Montana veterans struggle with long wait times for health care

KECI

We’re following up after the U.S. Veterans Affairs secretary this week compared veterans’ wait times for health care to waiting in line for rides at Disneyland.

One veteran in Superior has been waiting almost a year to find out what’s wrong.

At his quiet Superior home, Tony Lapinski walks to his job filled with motorbikes he renovates and repairs.

“It’s just for fun,” he said.  But these days, the bikes are covered in dust — there’s no one to fix Lapinski.

“I’ve got a partially herniated disc and a cracked end plate,” Lapinski said.

It’s been a long road from top honors in the Air Force.  In the service, he was an “eagle keeper,” the name for an F-15 fighter jet mechanic.  He cannot forget the promise of health care when he enlisted.

“If push comes to shove,” Lapinski said as he remembered his recruiter’s pitch, “you can always walk into a VA facility and get done whatever needs to be done.  It’s part of how they sold the whole bit.”

It has not worked out that way.  He has a briefcase packed with medical records.  He logs every call to the VA and to Veterans Choice.

“My first call to the VA was July 8, 2015,” he remembers.  “When I first saw a VA doctor was on January 13, 2016.  That’s a six-month wait between when I called and when I was able to step in the little clinic in Missoula.”

Another six months and still no diagnosis for growths on his spine and his liver.  No fix for his severe pain. The painkillers don’t cut it.  It’s difficult to focus to talk and even more difficult to sit for an interview.

He worked as a sheriff’s deputy for years. He can’t anymore. Some days, when the pain is bad and the meds are too much, he can barely write in his journal.

He read a section from a bad day.  “Did I mention that I am expected to act normal, whatever that is anymore, and nurture my family and friends while I am in this state?”

Lapinski says he has no income.  He has no disability, yet, and his Medicaid doesn’t exist.

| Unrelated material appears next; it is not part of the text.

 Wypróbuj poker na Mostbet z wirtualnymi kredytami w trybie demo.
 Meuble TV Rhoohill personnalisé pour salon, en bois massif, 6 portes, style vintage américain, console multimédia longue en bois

But he does have a simple message for the VA.

“I’d rather have the VA say, you can only get VA care if you put in a full 20,” he said.  “Or you can get levels of it, but here’s a card just like any other insurance plan.  You don’t have to spend months to get into a VA clinic. If they can do it for all these senior citizens and people on low income, why can’t they put that inside a veteran’s wallet?”

U.S. Sen. Jon Tester is trying to get the VA to fix problems with Veterans Choice. The program is supposed to help veterans in rural areas like Montana.  Its aim is to eliminate waiting times and help rural vets see private health providers. Tester’s bill would let patients bypass the Choice program and have the VA schedule their appointment.

“A lot of folks live more than 40 miles away from a VA facility, and if they’ve been trying to get an appointment for 30 days and they haven’t been able to, this will automatically put them into this program.  And I think it’s going to make the program better,” Tester said.

For now, Lapinski finds the simplest chores to be tough.  But it’s the waiting that’s most difficult, waiting and wondering if he’ll get help.